Where a line in the listing below holds "Chevrolet", add it to the tally, and reply with that tally alone.

● Dataset records
▬▬▬
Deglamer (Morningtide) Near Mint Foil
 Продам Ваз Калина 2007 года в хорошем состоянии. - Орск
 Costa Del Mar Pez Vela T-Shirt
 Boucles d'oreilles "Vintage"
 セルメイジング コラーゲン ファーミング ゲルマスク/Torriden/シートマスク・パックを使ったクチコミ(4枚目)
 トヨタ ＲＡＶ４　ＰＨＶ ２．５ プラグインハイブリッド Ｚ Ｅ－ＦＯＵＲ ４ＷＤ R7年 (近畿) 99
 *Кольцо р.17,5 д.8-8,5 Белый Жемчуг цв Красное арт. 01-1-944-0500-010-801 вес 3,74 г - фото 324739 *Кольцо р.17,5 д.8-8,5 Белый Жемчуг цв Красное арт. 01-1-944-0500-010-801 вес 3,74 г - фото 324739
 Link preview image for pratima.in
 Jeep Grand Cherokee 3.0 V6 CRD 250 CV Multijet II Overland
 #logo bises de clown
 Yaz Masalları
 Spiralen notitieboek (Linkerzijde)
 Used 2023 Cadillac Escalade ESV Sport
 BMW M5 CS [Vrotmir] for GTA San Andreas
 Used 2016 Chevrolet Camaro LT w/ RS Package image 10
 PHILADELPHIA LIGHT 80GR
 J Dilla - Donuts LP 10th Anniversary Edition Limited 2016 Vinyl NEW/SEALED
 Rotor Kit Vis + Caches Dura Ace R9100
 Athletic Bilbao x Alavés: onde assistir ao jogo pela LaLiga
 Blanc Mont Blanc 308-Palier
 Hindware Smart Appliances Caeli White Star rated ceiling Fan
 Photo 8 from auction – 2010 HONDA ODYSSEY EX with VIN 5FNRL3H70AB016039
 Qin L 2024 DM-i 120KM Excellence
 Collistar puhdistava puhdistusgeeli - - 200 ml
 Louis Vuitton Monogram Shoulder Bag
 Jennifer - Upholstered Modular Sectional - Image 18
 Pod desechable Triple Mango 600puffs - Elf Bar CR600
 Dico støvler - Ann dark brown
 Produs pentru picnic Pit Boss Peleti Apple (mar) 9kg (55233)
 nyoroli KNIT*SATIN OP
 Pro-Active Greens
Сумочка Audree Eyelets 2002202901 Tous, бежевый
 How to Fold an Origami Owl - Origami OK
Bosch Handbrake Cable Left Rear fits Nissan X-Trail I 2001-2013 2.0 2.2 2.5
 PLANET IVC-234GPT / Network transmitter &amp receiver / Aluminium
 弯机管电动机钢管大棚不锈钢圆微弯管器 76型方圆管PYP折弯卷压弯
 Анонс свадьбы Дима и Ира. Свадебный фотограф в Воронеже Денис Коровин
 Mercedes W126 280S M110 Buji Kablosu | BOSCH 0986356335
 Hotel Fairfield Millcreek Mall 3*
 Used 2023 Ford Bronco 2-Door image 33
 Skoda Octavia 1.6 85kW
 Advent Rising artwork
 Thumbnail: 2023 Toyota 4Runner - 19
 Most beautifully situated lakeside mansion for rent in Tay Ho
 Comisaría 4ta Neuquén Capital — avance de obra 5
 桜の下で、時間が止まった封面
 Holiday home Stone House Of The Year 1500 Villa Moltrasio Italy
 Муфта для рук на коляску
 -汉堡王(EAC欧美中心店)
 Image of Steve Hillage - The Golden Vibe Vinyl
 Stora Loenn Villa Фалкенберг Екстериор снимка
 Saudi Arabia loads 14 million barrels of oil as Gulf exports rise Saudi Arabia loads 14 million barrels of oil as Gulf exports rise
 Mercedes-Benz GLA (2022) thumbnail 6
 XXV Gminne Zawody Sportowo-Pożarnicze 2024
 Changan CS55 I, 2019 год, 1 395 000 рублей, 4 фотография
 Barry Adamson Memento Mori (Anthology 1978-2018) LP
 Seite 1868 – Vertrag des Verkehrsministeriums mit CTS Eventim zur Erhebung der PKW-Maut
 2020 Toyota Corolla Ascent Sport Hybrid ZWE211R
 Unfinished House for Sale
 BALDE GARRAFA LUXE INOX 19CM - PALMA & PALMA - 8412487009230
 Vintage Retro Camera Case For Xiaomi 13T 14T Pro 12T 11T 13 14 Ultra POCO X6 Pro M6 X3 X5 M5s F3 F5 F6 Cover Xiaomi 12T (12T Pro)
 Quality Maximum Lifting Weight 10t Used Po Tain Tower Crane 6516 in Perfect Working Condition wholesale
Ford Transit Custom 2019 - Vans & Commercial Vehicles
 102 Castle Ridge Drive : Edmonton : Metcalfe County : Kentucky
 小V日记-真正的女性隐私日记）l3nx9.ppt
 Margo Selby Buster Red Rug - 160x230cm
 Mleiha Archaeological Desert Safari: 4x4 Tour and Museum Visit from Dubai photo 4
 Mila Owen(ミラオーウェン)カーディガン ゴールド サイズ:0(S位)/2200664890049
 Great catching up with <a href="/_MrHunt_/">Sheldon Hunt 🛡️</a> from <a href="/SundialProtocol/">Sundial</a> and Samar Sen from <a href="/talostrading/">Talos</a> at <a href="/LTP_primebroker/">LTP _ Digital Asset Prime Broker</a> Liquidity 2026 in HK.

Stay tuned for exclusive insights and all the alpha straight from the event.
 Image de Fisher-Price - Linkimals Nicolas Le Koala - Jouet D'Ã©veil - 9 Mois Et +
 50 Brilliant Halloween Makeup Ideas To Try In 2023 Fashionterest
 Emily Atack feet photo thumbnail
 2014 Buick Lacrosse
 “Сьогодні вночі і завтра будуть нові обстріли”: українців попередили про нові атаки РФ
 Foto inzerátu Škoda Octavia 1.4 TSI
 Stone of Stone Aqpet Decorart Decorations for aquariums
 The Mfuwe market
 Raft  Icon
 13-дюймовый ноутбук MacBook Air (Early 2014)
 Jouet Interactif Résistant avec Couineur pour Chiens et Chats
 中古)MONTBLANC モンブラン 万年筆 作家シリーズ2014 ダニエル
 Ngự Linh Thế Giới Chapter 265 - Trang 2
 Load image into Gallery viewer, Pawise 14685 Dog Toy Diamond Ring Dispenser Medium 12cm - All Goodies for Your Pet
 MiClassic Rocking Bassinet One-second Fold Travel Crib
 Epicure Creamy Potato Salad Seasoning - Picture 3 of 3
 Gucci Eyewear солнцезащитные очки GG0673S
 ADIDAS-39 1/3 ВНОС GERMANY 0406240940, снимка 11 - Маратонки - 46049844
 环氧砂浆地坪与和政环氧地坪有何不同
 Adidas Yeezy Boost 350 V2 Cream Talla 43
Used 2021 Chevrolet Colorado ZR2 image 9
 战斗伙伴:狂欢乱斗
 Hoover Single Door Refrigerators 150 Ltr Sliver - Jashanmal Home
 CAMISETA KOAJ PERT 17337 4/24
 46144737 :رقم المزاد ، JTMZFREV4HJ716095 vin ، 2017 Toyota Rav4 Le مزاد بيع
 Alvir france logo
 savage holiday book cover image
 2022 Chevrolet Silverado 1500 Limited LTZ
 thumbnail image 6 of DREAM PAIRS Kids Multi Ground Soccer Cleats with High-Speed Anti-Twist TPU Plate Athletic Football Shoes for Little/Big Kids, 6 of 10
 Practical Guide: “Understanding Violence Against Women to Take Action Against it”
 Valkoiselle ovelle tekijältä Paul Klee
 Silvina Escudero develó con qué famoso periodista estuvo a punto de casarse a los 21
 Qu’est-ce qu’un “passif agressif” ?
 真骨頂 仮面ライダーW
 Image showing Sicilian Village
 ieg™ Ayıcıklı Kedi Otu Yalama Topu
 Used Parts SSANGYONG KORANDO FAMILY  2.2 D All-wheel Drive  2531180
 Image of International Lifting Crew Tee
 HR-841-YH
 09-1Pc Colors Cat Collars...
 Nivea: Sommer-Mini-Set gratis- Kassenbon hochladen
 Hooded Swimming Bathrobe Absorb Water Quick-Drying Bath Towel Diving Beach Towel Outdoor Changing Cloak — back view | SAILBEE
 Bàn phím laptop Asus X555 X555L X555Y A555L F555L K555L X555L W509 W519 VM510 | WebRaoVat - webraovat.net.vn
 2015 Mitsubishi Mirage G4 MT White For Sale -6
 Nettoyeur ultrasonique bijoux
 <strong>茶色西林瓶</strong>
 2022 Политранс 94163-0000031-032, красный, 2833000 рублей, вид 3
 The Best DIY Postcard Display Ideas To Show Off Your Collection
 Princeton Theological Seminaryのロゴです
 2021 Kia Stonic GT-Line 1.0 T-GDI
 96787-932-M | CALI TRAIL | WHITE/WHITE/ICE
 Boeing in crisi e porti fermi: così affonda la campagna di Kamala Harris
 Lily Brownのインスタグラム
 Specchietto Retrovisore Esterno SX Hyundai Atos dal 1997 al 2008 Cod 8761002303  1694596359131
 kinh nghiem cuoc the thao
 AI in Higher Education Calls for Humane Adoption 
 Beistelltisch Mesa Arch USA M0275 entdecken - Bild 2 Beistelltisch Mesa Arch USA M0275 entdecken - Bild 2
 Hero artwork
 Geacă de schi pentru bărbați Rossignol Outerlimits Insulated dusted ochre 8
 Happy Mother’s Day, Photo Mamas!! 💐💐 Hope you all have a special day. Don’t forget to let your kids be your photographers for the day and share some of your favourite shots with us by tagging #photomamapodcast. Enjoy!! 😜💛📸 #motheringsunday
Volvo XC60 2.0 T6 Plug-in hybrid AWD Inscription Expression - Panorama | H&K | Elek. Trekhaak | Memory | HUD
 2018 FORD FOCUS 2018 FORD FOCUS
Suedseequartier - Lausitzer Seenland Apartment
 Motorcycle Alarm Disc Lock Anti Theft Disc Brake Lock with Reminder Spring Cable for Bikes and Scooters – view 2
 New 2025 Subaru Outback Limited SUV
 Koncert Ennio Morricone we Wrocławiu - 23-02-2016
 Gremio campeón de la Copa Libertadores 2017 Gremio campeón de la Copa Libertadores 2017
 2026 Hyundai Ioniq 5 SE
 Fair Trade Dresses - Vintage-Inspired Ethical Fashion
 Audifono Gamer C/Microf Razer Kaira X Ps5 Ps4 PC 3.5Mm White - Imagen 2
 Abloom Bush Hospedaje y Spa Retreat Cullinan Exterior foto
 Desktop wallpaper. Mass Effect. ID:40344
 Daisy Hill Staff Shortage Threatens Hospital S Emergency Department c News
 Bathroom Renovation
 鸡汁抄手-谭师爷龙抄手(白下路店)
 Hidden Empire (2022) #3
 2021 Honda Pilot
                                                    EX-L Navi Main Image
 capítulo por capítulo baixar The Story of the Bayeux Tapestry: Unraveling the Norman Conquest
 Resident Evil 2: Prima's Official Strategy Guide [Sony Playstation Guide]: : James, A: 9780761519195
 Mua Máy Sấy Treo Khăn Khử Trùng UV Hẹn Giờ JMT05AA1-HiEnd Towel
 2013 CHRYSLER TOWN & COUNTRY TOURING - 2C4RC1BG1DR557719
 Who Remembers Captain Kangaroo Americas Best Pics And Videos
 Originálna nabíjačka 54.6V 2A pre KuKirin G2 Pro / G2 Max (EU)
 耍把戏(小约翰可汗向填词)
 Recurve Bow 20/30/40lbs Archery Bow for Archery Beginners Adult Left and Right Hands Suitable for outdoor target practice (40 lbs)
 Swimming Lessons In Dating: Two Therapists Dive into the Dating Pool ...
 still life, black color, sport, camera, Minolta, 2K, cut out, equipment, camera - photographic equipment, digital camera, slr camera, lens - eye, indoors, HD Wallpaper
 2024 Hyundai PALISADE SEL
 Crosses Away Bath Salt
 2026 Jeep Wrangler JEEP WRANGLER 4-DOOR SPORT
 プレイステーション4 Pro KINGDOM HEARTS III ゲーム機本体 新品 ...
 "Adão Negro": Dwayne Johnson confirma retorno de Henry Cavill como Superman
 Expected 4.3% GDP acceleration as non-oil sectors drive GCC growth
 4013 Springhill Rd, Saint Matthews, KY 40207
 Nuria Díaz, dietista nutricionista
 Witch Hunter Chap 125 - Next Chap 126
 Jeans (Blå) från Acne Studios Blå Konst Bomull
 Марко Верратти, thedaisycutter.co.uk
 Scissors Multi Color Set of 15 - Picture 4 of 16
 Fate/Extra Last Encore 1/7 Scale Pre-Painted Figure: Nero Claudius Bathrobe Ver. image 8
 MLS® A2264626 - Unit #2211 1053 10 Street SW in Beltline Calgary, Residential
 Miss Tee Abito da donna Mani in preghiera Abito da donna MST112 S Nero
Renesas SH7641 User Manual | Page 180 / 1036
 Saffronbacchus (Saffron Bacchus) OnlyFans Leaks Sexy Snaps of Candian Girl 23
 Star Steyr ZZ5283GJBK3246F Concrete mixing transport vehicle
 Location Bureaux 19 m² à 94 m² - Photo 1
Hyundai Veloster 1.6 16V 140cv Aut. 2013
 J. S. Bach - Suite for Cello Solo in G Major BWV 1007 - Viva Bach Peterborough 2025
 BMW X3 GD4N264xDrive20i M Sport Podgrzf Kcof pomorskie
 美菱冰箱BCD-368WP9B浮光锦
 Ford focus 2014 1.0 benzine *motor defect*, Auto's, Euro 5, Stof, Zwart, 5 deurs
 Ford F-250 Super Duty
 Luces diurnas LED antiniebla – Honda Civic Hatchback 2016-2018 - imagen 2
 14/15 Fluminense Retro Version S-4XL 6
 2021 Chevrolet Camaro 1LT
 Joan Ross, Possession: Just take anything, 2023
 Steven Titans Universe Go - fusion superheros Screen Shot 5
▬▬▬
● Answer space
4